→ **Task goal**
Every line below is to be set down again exactly; any image stays out.

→ **The data**
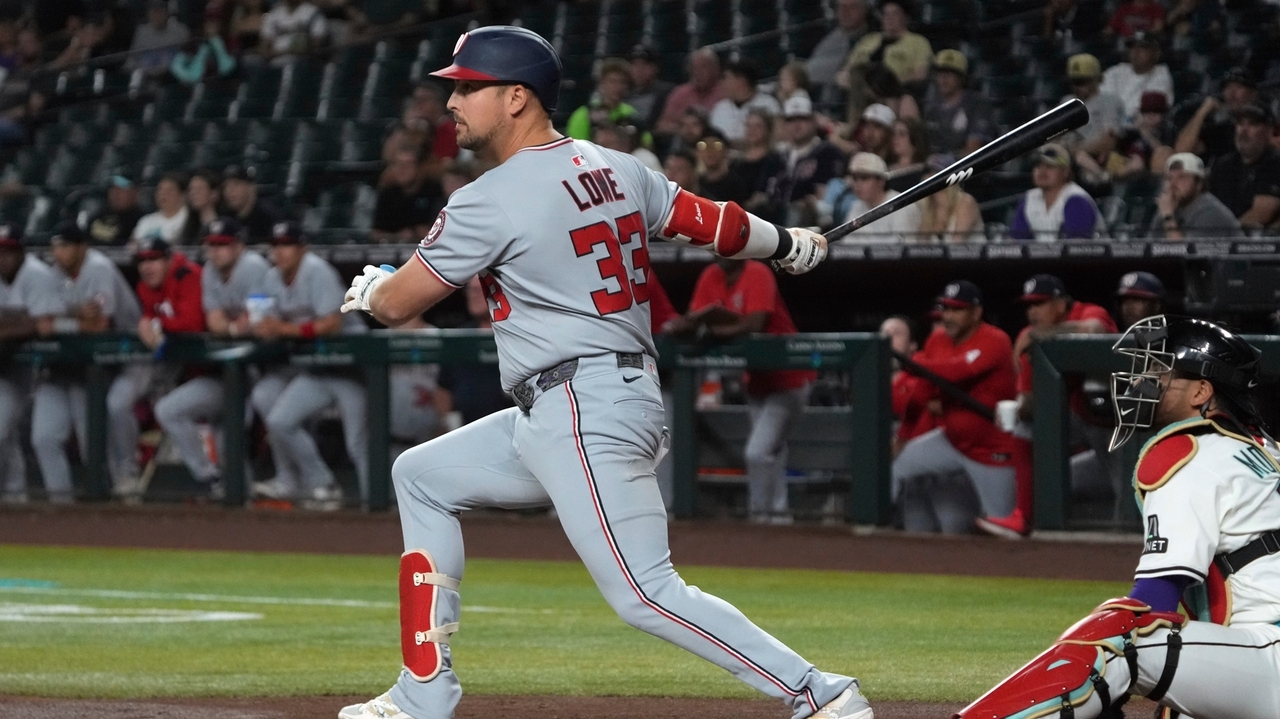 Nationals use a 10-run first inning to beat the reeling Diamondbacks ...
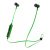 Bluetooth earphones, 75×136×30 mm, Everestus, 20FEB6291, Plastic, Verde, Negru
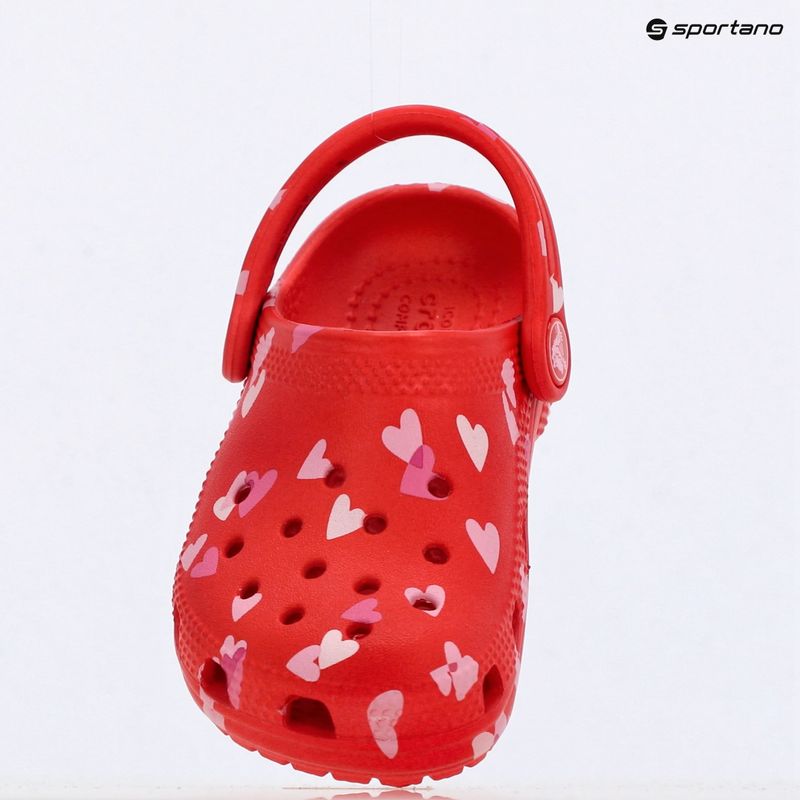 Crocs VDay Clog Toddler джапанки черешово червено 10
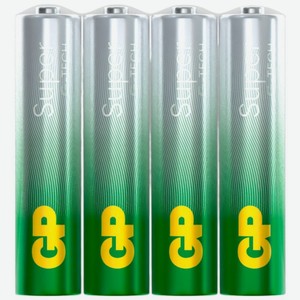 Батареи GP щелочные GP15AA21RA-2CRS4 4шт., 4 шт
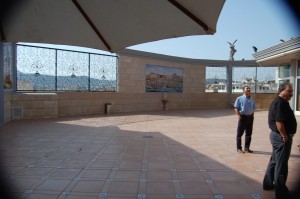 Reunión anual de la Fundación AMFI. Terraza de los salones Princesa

→ **Written response**
 Nationals use a 10-run first inning to beat the reeling Diamondbacks ...
 Bluetooth earphones, 75×136×30 mm, Everestus, 20FEB6291, Plastic, Verde, Negru
 Crocs VDay Clog Toddler джапанки черешово червено 10
 Батареи GP щелочные GP15AA21RA-2CRS4 4шт., 4 шт
 Reunión anual de la Fundación AMFI. Terraza de los salones Princesa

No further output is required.